The other parent is being very unreasonable and is expecting our family member to pay for half of the nursery fees, which they cannot afford due to already being in debt and trying so hard to come out of it. We are trying to leave gender out of it for confidentiality. The parents have never been married, and are no longer in a relationship but do appear to be working through most things reasonably well.

The relationship from the beginning has always been one of manipulation and control and our family member has often had to give in to keep the peace. We see that manipulation and control starting to rear its ugly head again, and the pressure being put on our family member is very unfair and unreasonable on their finances. I wish the other parent would understand that Government preschools are not going to “set your child back” and have some consideration for the child’s other parent’s financial situation.

So sick of selfish, controlling and manipulating parents who have no regard for the other parents’ situation — not just this one — but it seems to be a problem with Bermuda parents overall. We can’t even BEGIN to “go there” about the nasty parent who keeps the children from the other parent, or the other parent’s family just to be spiteful and nasty because they didn’t get their way or is mad at the other parent — that’s another kettle of fish altogether. I wish parents would grow up and stop doing stupidity that affects the children one way or another. ... Please help! — LOVE THE CHILDREN, HATE THE DRAMA

Dear Love the Children: Unfortunately, not every parent operates in the best interest of the child. Let’s address the Government preschool situation.

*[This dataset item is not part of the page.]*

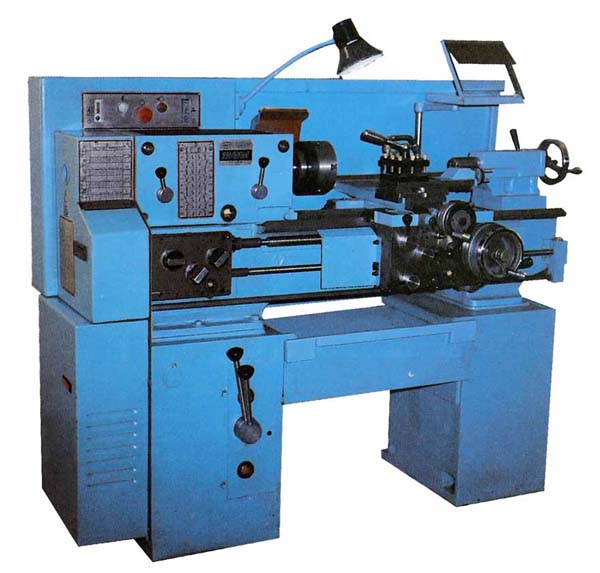 Загальний вигляд універсального токарно-гвинторізного верстата 1У61М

Firstly, some parents are of the belief Government preschools do not offer comparable education to those in the private sector. This is a myth. There are many successful citizens in Bermuda who received their foundation at Government preschools. Too often parents get caught up in the hype of thinking a high price tag for something for their children means “better”. That money could be invested in the child’s future instead. Mom and dad need to sit down and have a heart to heart. I think if a parent is suffering financially it’s selfish for the other parent to disregard that. If they are insistent in putting the child in a private nursery then they should be willing to pay the bulk of the fees and accept that the other parent will only be able to pay a portion. It’s not too late for the child to be registered for Government preschool; first day of classes is September 8.

As far as parents using the kids as pawns, unfortunately it happens a lot. Women keeping their children away from fathers and fathers staying away from their children ... all to spite each other. But this is where extended families come in. They should be bridging the gap between the estranged parents so that the children remain connected to both sides of their families. It’s vital. As parents, we have to keep the children’s wellbeing.

Dear Carla: I dislike being wound one of my parents. I think they are mean and evil spirited and only use people when it’s convenient for them. I know they say honour thy parents but I feel like it’s torture to be around them. My friends think it’s horrible that I feel this way but they don’t have to be subjected to what I have to. Am I wrong?

I STAY AWAY

Dear Stay Away:

A person is never wrong for how they feel because no one can can walk in their shoes but them. Although some people may find it hard to understand, there are many people who do not get along with the parents.

It’s sad but true. All I would suggest you do is remain at the very least in phone contact with your parent to ensure that they are doing okay.

When the opportunity presents itself try to clear the air. Let your parent know how you feel. Try to make peace. The last thing you want is to live with regret should anything happens.